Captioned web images
★ ★ ★ ★

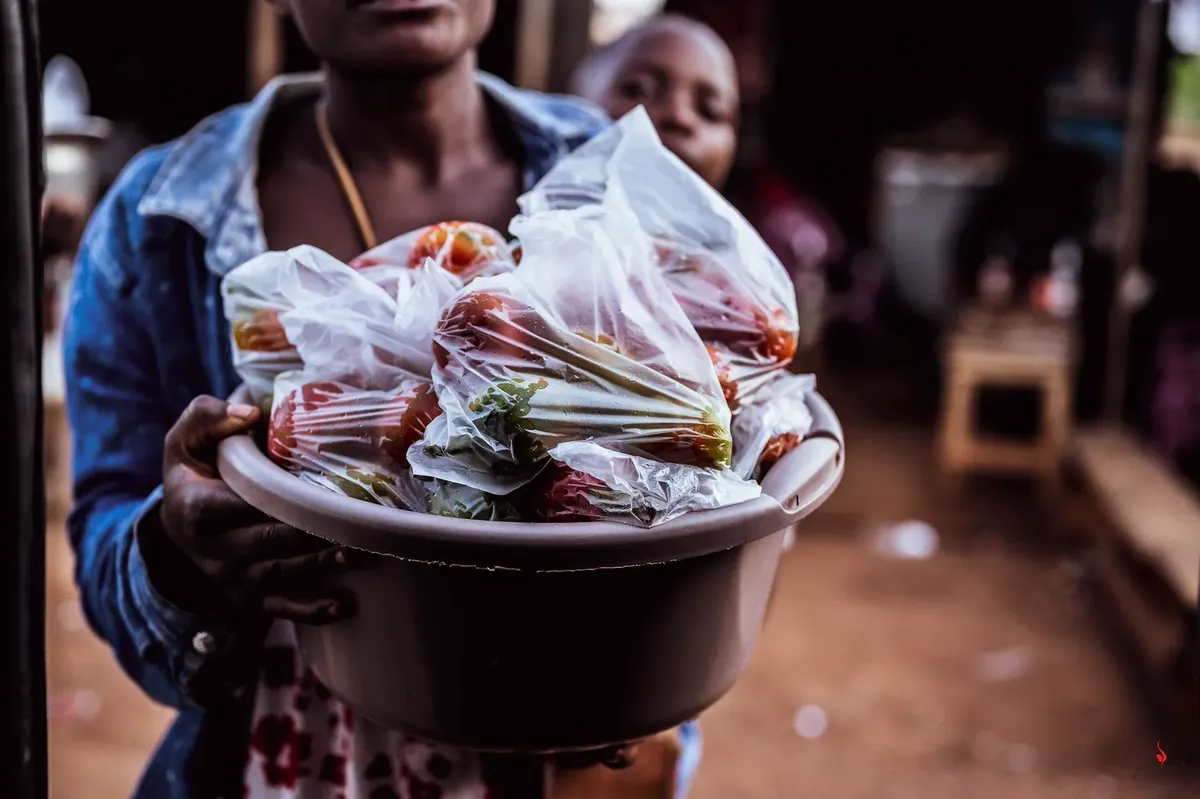 Woman selling fresh vegetables in plastic bags at outdoor market, showcasing local trade.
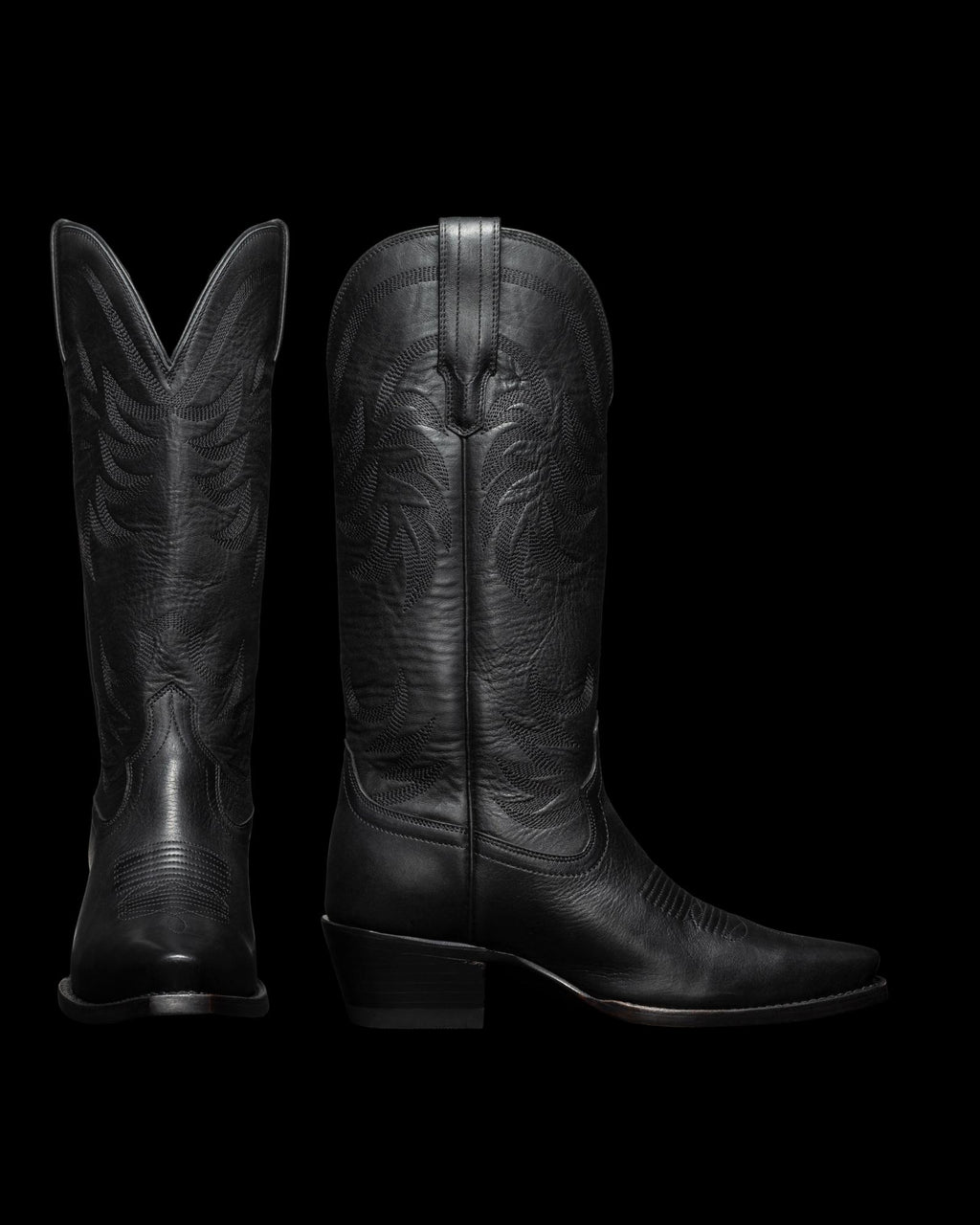 Two black cowboy boots with intricate stitching patterns are shown; one boot is seen from the side and the other from the back.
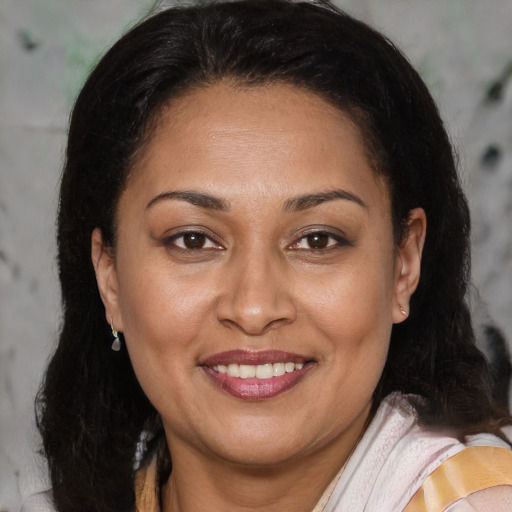 Joyful latino adult female with medium  brown hair and brown eyes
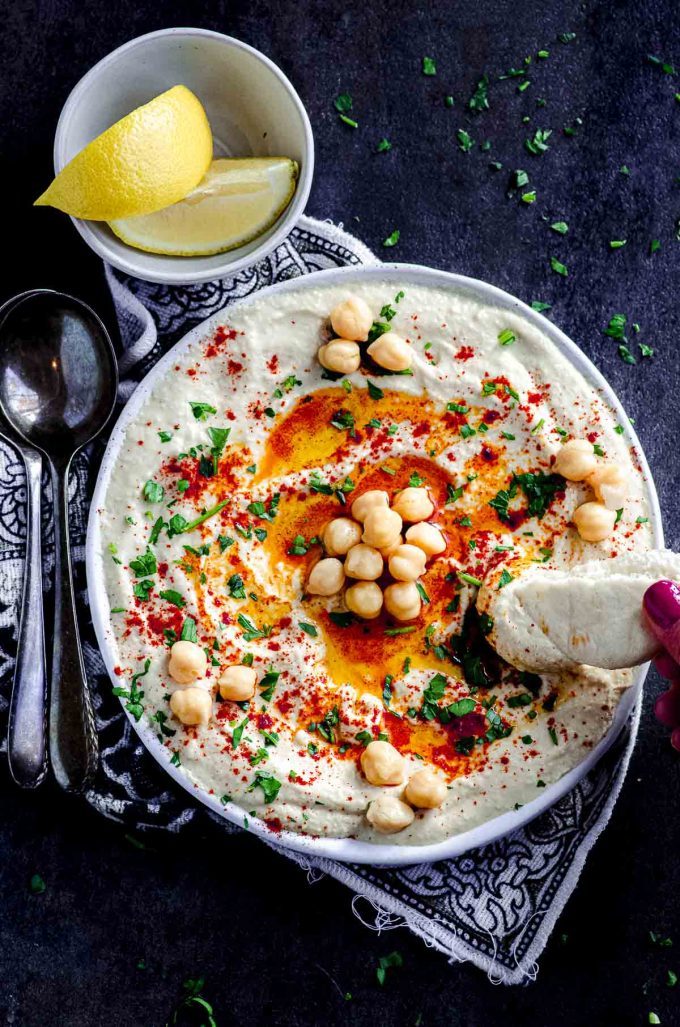 Scooping some hummus out of a plate with a piece of pita bread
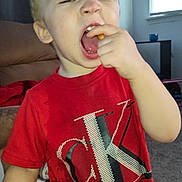 Caden joined the competition — help win amazing prizes! blinds, calvin_klein, carpet, casual_clothing, child, couch, expression, face, furniture, hair, hand, indoor, light, living_room, mouth_open, person, red_shirt, snack, window, young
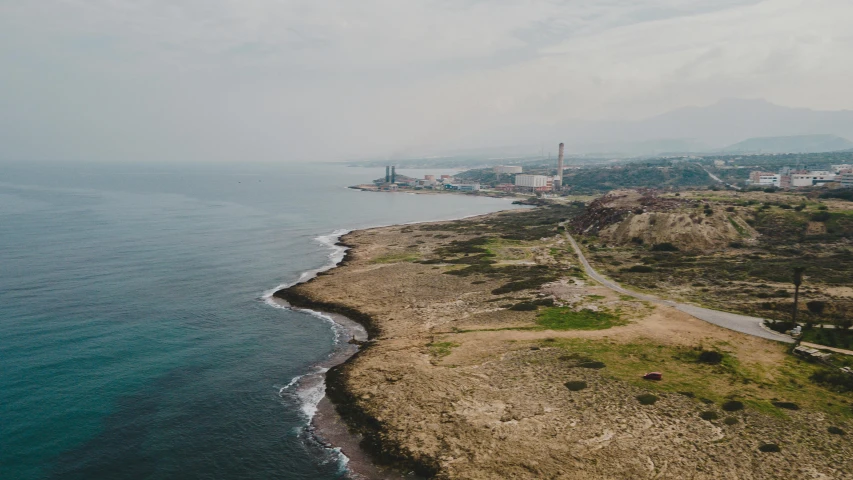 a large body of water next to a beach, by Daniel Lieske, pexels contest winner, les nabis, factories and nature, cyprus, pov photo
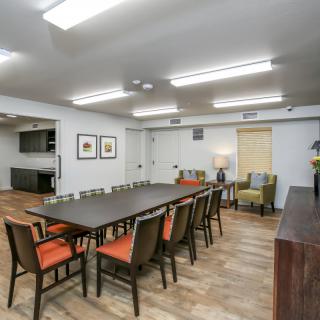 A spacious conference room with a long table, multiple chairs, and modern decor.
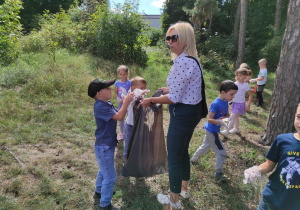 Dzieci w lesie podczas sprzątania śmieci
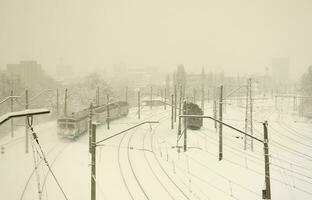 un long train de voitures voyageurs se déplace le long de la voie ferrée. paysage ferroviaire en hiver après les chutes de neige photo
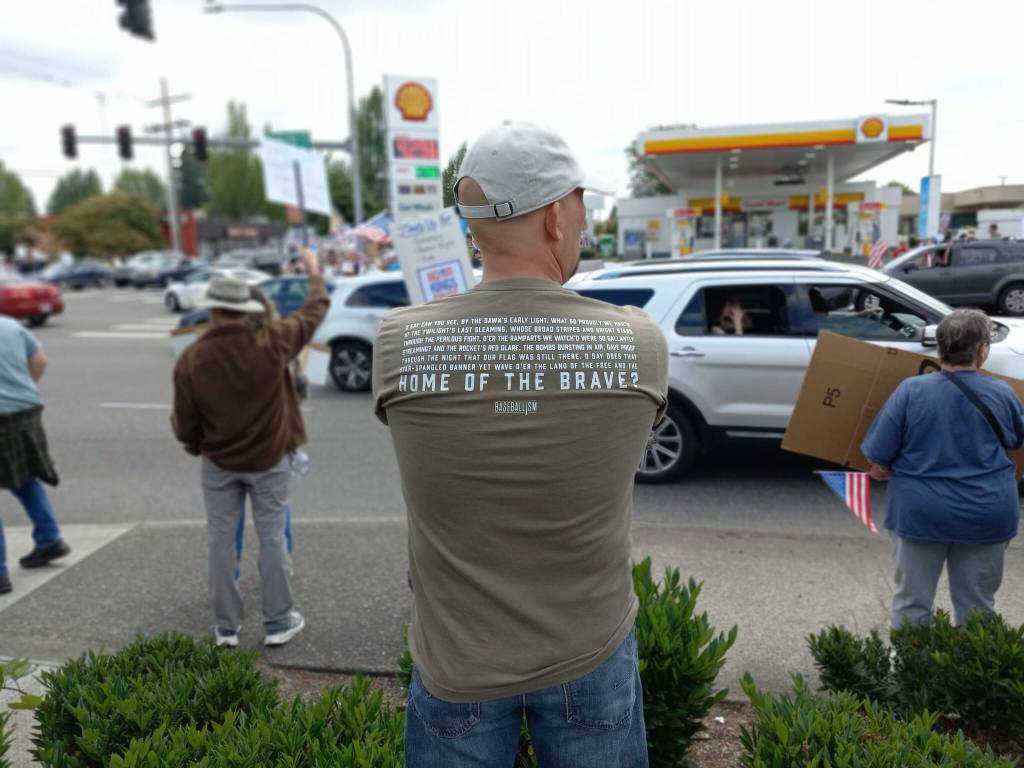 Photo by Robert Whale/Auburn Reporter 
This man wore his patriotism on the back of his shirt.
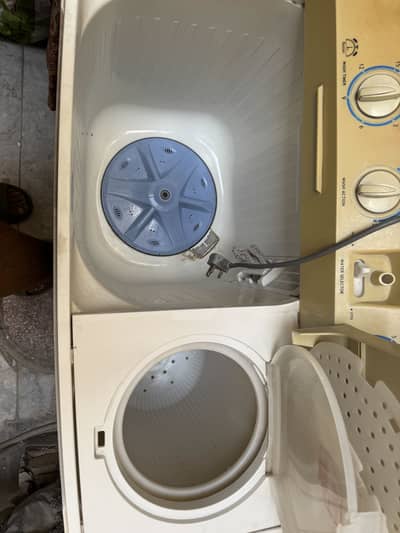 A used washing machine and dryer is available here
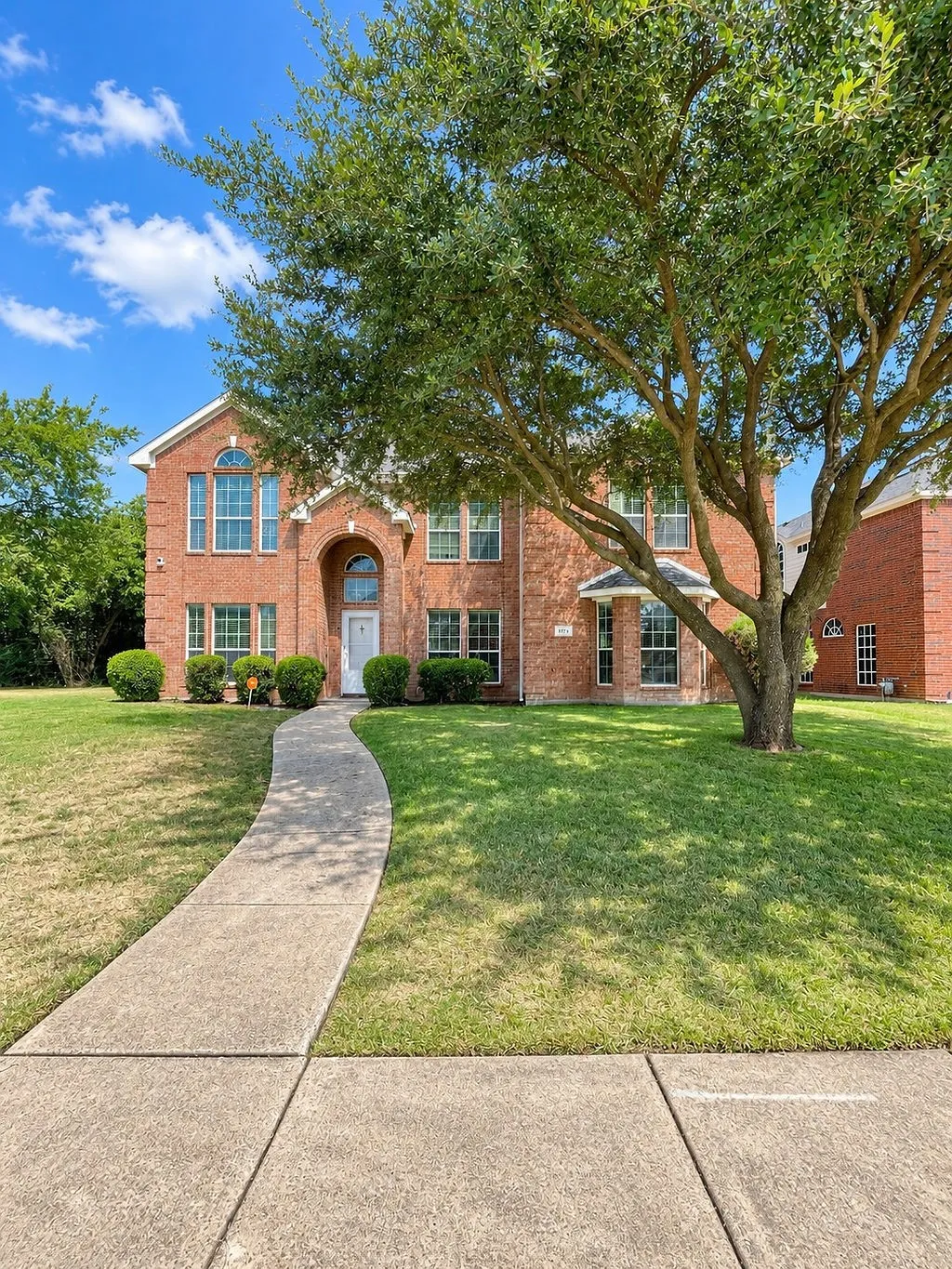 Traditional brick exterior with arched entry, bay window, and a mature shade tree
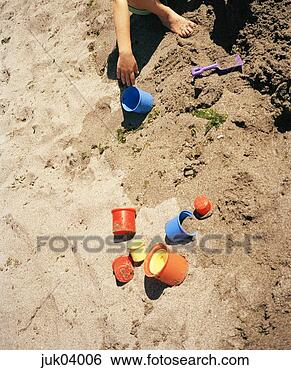 Stock Photo - young child playing 
in sand with toys. 
fotosearch - search 
stock photos, 
pictures, images, 
and photo clipart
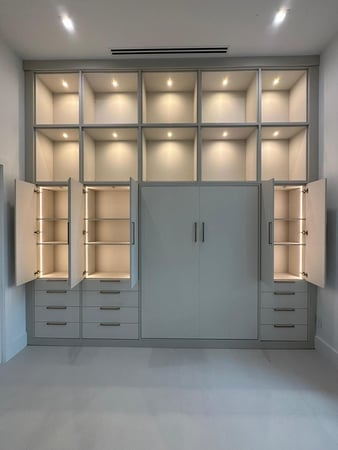 custom wall unit with ample shelving, cabinet & drawer space with a vertical full size wall bed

★ ★ ★ ★

• **Task statement**
From the line containing "Traditional brick exterior" to the final line above, both included, transcribe every line exactly and leave all pictures out.

• **The answer**
 Traditional brick exterior with arched entry, bay window, and a mature shade tree
 Stock Photo - young child playing 
in sand with toys. 
fotosearch - search 
stock photos, 
pictures, images, 
and photo clipart
 custom wall unit with ample shelving, cabinet & drawer space with a vertical full size wall bed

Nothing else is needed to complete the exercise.